IEEE J Transl Eng Health Med. 2015 Sep 18;3:2700212. doi: 10.1109/JTEHM.2015.2480082. eCollection 2015.
Energy expenditure (EE) estimation is an important factor in tracking personal activity and preventing chronic diseases, such as obesity and diabetes. Accurate and real-time EE estimation utilizing small wearable sensors is a difficult task, primarily because the most existing schemes work offline or use heuristics. In this paper, we focus on accurate EE estimation for tracking ambulatory activities (walking, standing, climbing upstairs, or downstairs) of a typical smartphone user. We used built-in smartphone sensors (accelerometer and barometer sensor), sampled at low frequency, to accurately estimate EE. Using a barometer sensor, in addition to an accelerometer sensor, greatly increases the accuracy of EE estimation.

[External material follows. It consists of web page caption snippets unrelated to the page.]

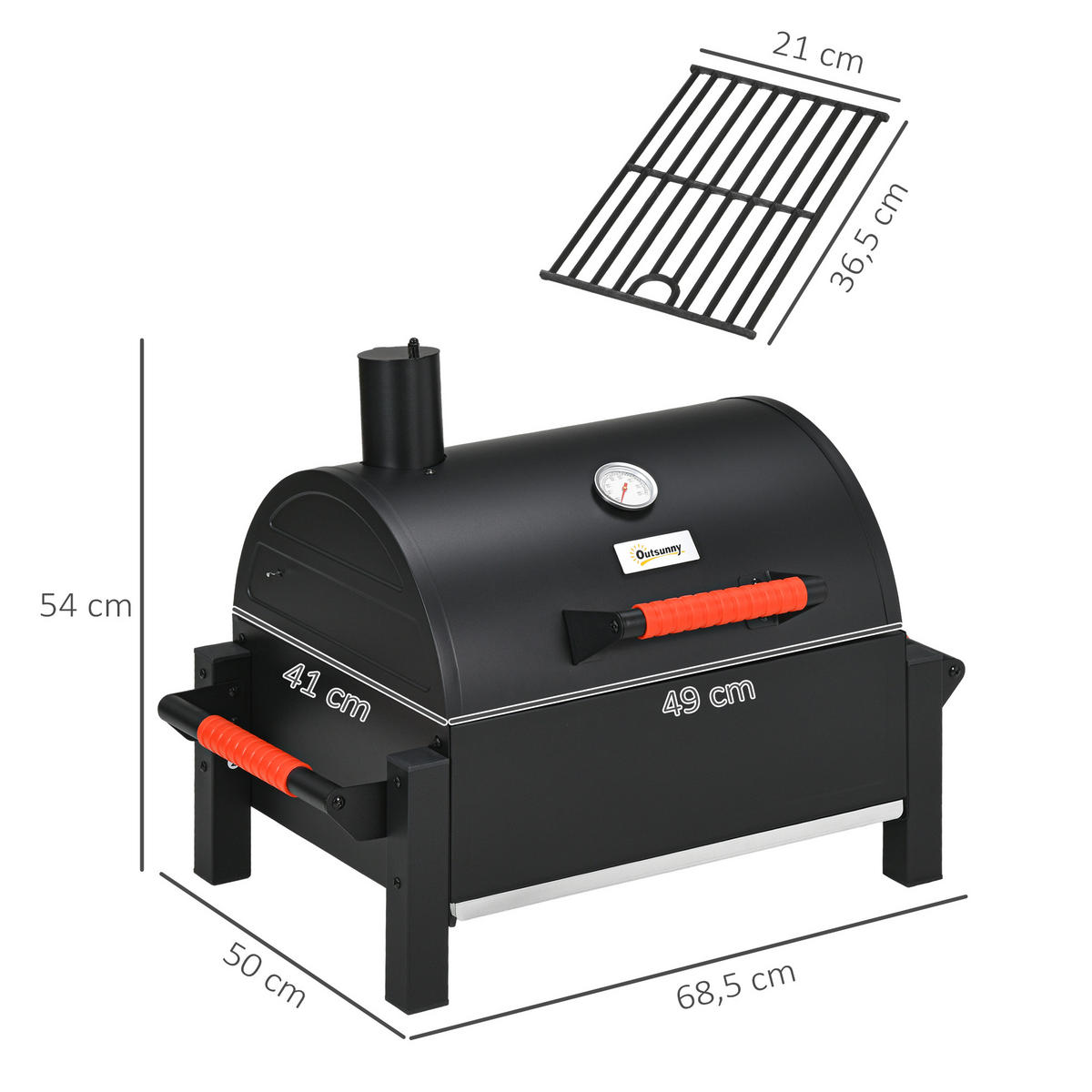 HOLZKOHLEGRILL - Schwarz, Metall (50/54/68.5cm) - Outsunny
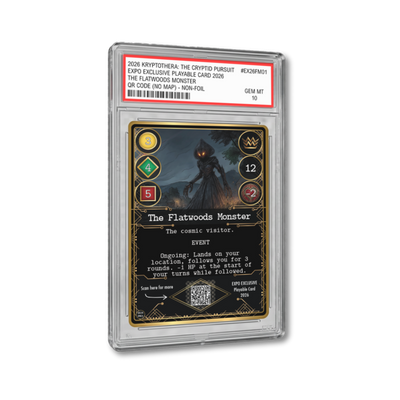 The Flatwoods Monster expo exclusive playable Kryptothera promo card shown in collector-style slab presentation.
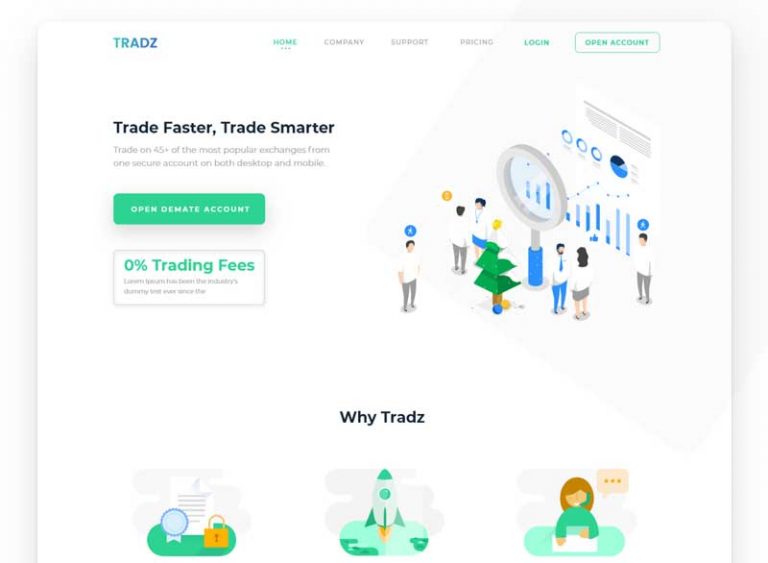 Free Trading Platform Landing Page Template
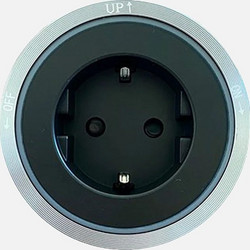 Εξάρτημα Schuko για Track Socket Ασημί - Μπλε LED, 16 A/250 V & Περιστροφή 90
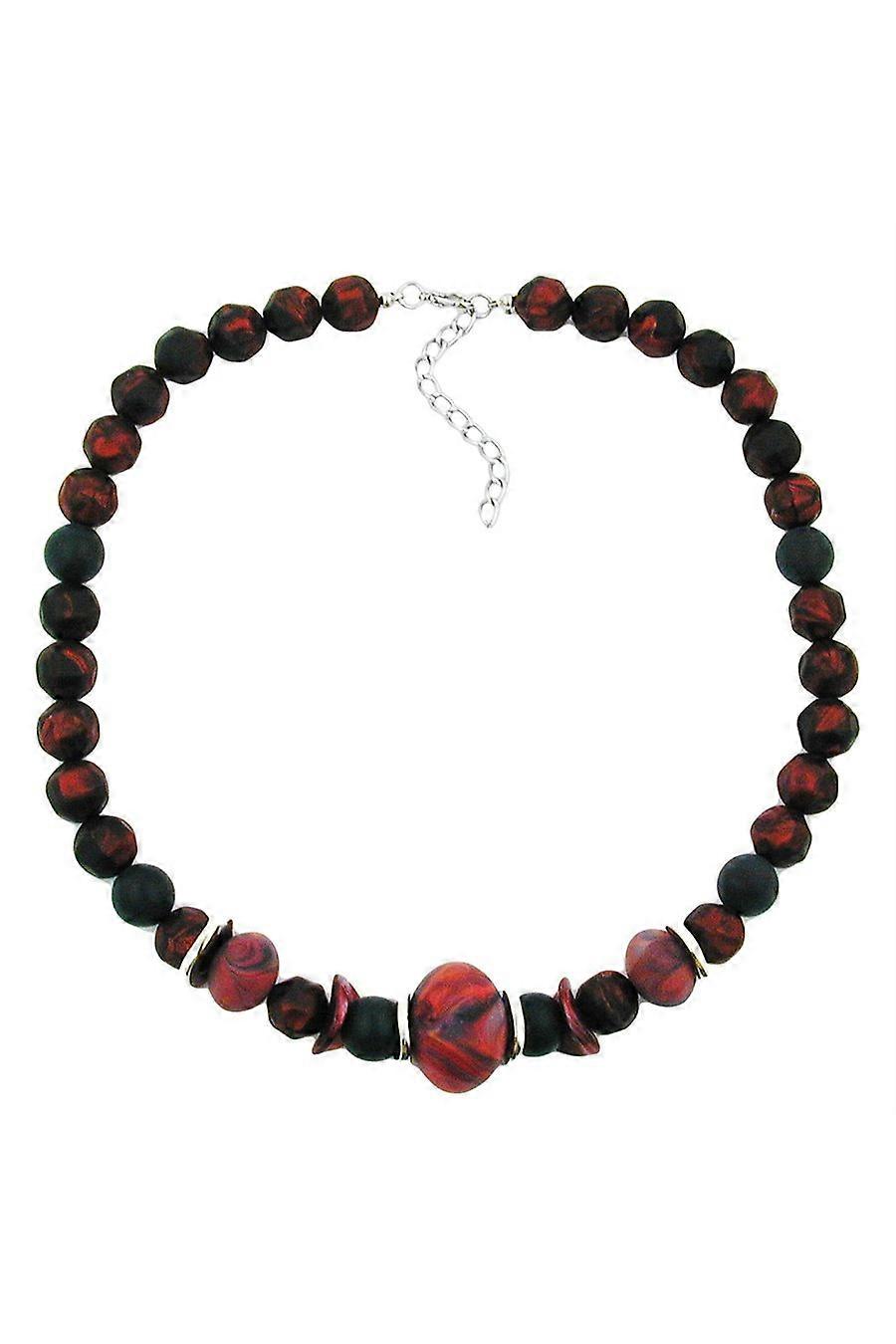 Necklace Dark Red/ Black Metallic Marbled - Gl01654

Using bagged regression trees, a machine learning technique, we developed a generic regression model for EE estimation that yields upto 96% correlation with actual EE. We compare our results against the state-of-the-art calorimetry equations and consumer electronics devices (Fitbit and Nike+ FuelBand). The newly developed EE estimation algorithm demonstrated superior accuracy compared with currently available methods. The results were calibrated against COSMED K4b2 calorimeter readings.
能量消耗(EE)估计是跟踪个人活动和预防肥胖症和糖尿病等慢性病的一个重要因素。利用小型可穿戴传感器进行准确和实时的 EE 估计是一项艰巨的任务,主要是因为大多数现有方案是离线工作或使用启发式方法。在本文中,我们专注于准确估计智能手机用户日常活动(步行、站立、爬楼上或下楼)的 EE。我们使用内置智能手机传感器(加速度计和气压计传感器)以低频率采样,以准确估计 EE。除了加速度计传感器外,使用气压计传感器可大大提高 EE 估计的准确性。我们使用袋装回归树,一种机器学习技术,为 EE 估计开发了一个通用的回归模型,其与实际 EE 的相关性高达 96%。我们将结果与最先进的量热法方程和消费类电子产品(Fitbit 和 Nike+ FuelBand)进行了比较。与当前可用的方法相比,新开发的 EE 估计算法具有更高的准确性。结果经过 COSMED K4b2 量热计读数校准。